At a time when immigration is much in the news, Professor John Rapson of the UI School of Music's Jazz Studies Program has created a powerful multi-media performance piece about an early 20th-century immigrant whose story remains highly relevant today.

"Hot Tamale Louie: The Story of Zarif Khan" will be performed by Rapson and a cast of musicians and actors at the Wieting Theatre on Sunday, Oct 21, at 2 p.m.

The performance is based on a June 2016 New Yorker article that caught Rapson's eye and his ear. Zarif Khan emigrated to the U.S. from Afghanistan in 1907, eventually settling in Sheridan, Wyoming, where he took over a tamale business as well as the previous owner's nickname, "Hot Tamale Louie." As he built and lost fortunes, Khan lived frugally and often spent his money in acts of kindness and generosity. He gained citizenship in 1925, had it revoked by U.S. xenophobic laws, and regained it again 30 years later. He married late in life, had six children, and became a legend both in Wyoming and back home in the borderland between Afghanistan and Pakistan before meeting a tragic end. His children and their offspring have recently helped to found a mosque in Gillette, Wyoming, that has drawn the ire of some local residents and received national media attention.

Article Photos

John Rapson

Rapson immediately recognized the story's dramatic possibilities, the timeliness of its themes and the opportunities it presented to work with local musicians whose talents mirrored Khan's global wanderings. Rapson describes the show as "a genre-bending tale with lilting Western ballads, gentle Mexican waltzes, folk sngs and melodies from the East, evocative tone poems and raucous ragtime melded together by jazz."

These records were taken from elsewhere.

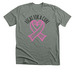 Victory-Breast Cancer Awareness, a Deep Heather Premium Unisex Tee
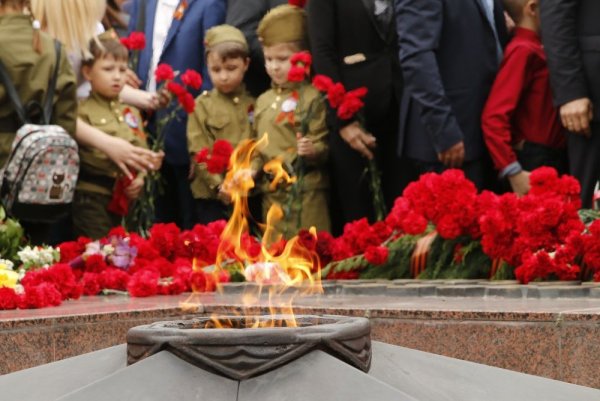 Вечный огонь для детей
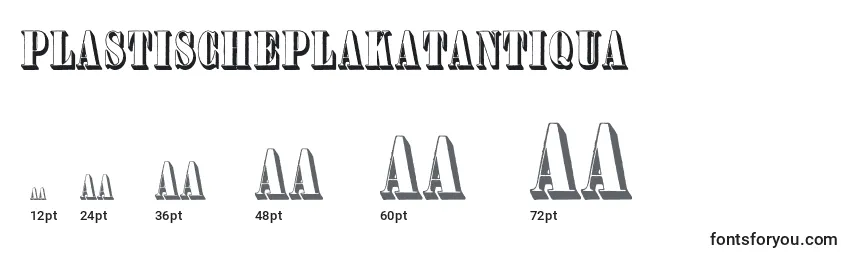 Größen der Schriftart Plastischeplakatantiqua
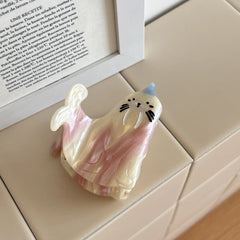 3 Inch Whimsical Animal Acetate Hair Claw - Solid 27g+ Premium Clip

Rapson teamed up with Danyel Gaglione, an immigrant now living in Iowa City, to collaboratively compose and arrange the material for eight musicians. The performance features local folk musician Dave Moore and dramatic monologues by an area artist. Rapson compiled more than 300 historic photos from the Middle East, American West and elasewhere to illustrate Khan's story, which is told in words, music, and visual projections. Other musicians in the ensemble include UI alumni Ryan Smith (reeds), Tara McGovern (violin), Dan Padley (guitar), Blake Shaw (bass) and Justin LeDuc (drums).

"Hot Tamale Louie" was first performed as a Faculty Showcase at the University of Iowa in November 2016,a week before the U.S. Presidential election. The enthusiastic audience response led to subsequent performances and now a tour. The band will be featured in a Celebration of the Arts in 2019 in Sheridan, Wyoming.